The data below holds the lines to copy: everything from the line containing "this 1200×900 image." to the line containing "this 768×576 image.", both ends included, set down exactly.

— INPUT DATA —
+-------+

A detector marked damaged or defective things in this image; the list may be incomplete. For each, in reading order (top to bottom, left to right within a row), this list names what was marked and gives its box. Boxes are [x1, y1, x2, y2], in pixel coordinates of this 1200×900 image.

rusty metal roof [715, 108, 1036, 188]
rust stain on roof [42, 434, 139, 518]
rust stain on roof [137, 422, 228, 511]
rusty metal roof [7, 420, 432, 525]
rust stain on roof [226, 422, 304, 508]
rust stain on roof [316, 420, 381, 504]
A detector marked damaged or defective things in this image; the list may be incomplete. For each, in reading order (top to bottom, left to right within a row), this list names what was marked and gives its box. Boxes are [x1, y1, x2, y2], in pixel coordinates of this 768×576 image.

+-------+

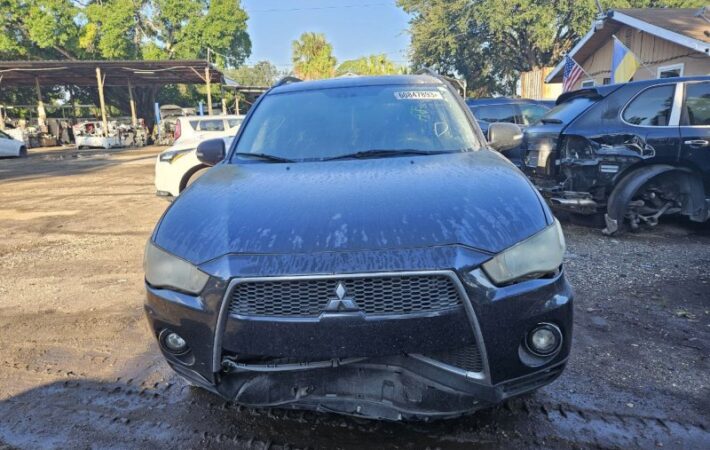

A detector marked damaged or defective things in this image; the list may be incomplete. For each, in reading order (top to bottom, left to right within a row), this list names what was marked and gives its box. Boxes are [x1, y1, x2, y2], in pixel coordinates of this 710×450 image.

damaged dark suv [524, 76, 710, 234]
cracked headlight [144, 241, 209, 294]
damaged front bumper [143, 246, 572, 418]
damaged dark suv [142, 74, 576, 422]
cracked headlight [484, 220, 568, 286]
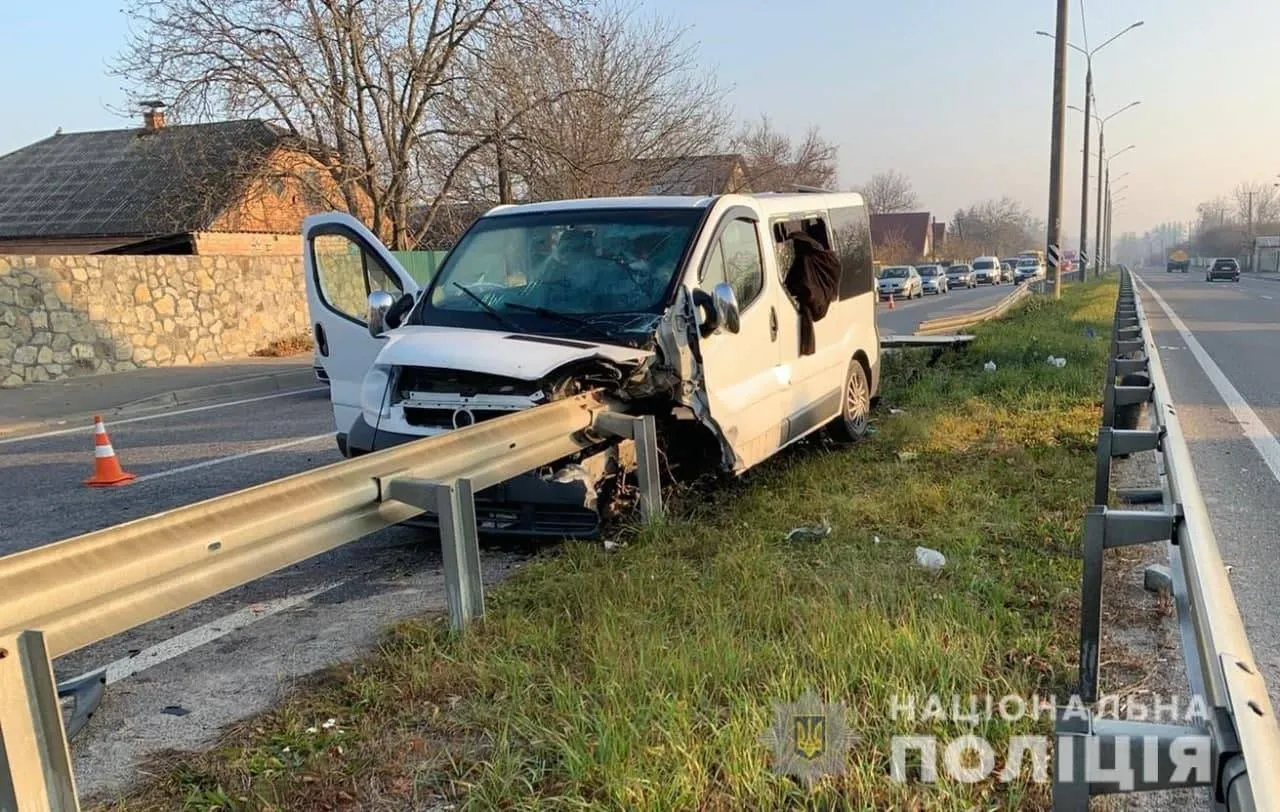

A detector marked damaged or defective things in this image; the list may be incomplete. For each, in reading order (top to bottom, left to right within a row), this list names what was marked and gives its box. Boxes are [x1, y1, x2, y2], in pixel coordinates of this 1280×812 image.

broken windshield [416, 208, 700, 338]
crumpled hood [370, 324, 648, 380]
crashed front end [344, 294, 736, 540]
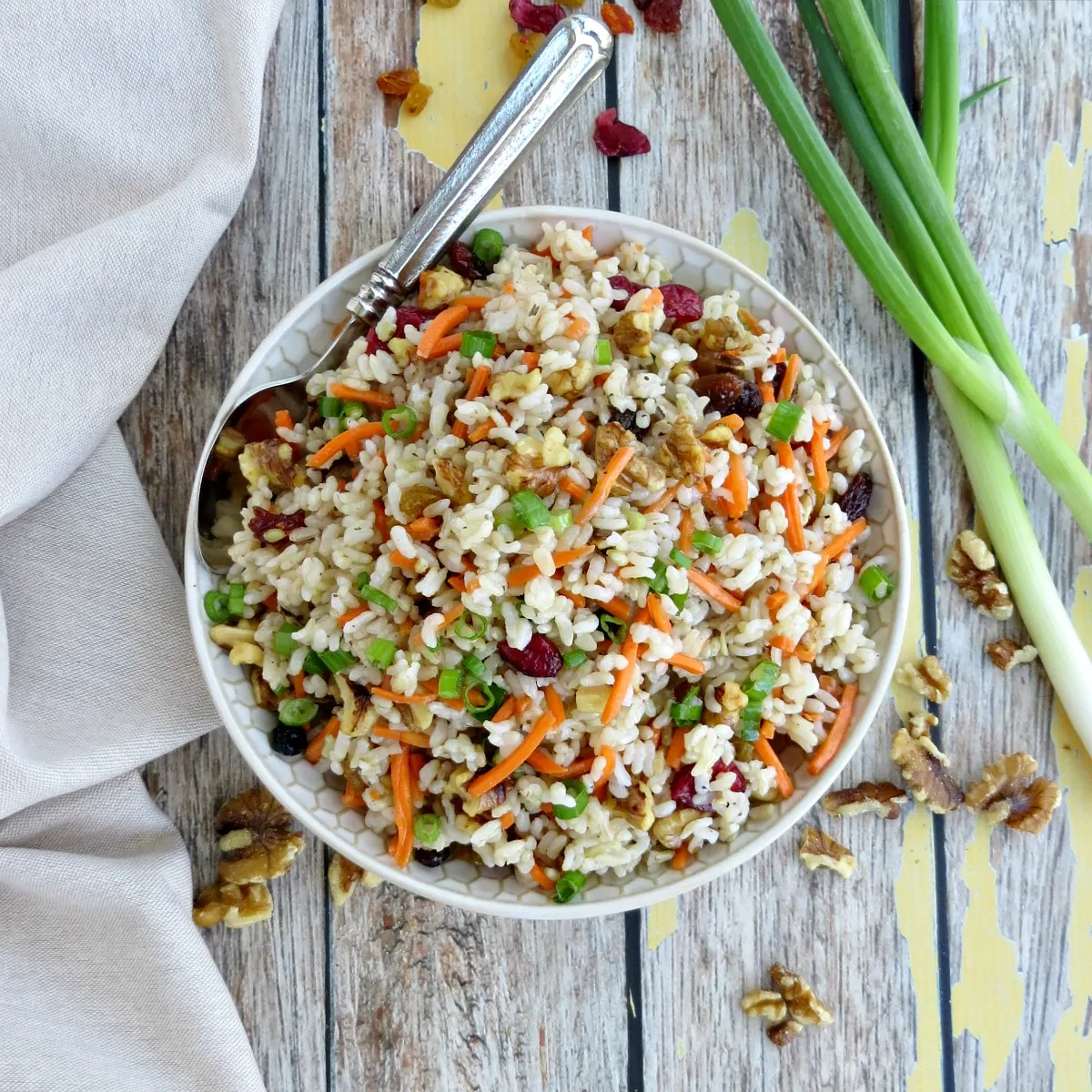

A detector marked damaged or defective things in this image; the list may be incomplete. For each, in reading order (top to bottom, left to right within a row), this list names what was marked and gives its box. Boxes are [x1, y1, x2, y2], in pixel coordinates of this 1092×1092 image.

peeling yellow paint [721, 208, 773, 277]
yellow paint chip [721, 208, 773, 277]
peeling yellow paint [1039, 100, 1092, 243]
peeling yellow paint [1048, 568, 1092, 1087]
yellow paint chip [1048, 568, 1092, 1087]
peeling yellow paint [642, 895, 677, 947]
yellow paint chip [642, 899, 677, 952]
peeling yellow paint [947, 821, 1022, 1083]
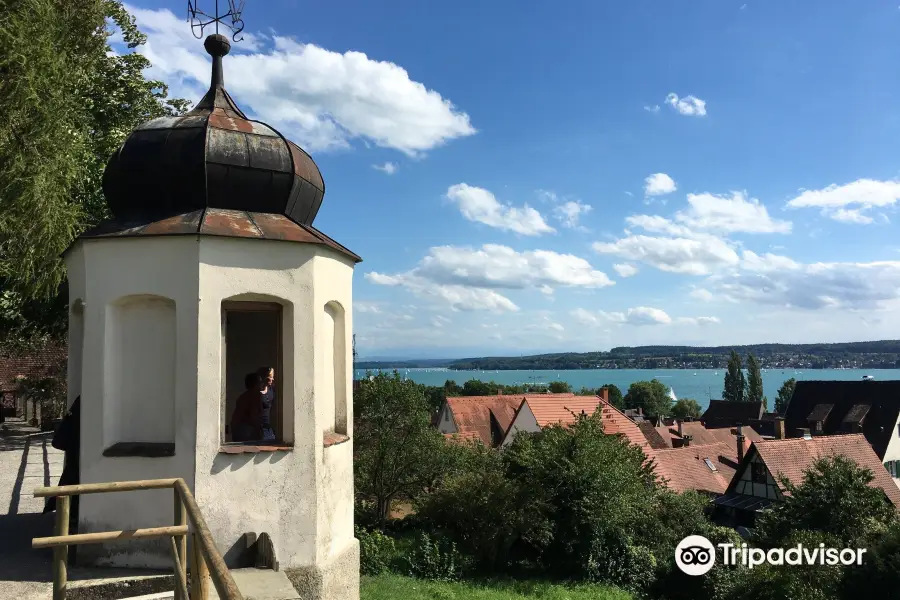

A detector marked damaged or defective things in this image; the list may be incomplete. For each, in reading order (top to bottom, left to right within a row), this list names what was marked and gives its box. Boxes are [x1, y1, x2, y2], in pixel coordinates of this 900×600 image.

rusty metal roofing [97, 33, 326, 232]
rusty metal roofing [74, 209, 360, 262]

+-------+

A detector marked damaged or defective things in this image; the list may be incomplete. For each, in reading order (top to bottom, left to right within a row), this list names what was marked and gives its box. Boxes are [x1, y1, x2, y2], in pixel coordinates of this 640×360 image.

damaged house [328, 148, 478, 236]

+-------+

— WRITTEN SOLUTION —
A detector marked damaged or defective things in this image; the list may be incomplete. For each, in reading order (top to bottom, left to right within a row), this list names what was marked and gives its box. Boxes are [x1, y1, x2, y2], in pixel coordinates of this 1200×900 image.

rusty metal roof [715, 108, 1036, 188]
rust stain on roof [42, 434, 139, 518]
rust stain on roof [137, 422, 228, 511]
rusty metal roof [7, 420, 432, 525]
rust stain on roof [226, 422, 304, 508]
rust stain on roof [316, 420, 381, 504]
A detector marked damaged or defective things in this image; the list may be incomplete. For each, in reading order (top to bottom, left to right within a row), this list names what was marked and gives its box. Boxes are [x1, y1, x2, y2], in pixel coordinates of this 768×576 image.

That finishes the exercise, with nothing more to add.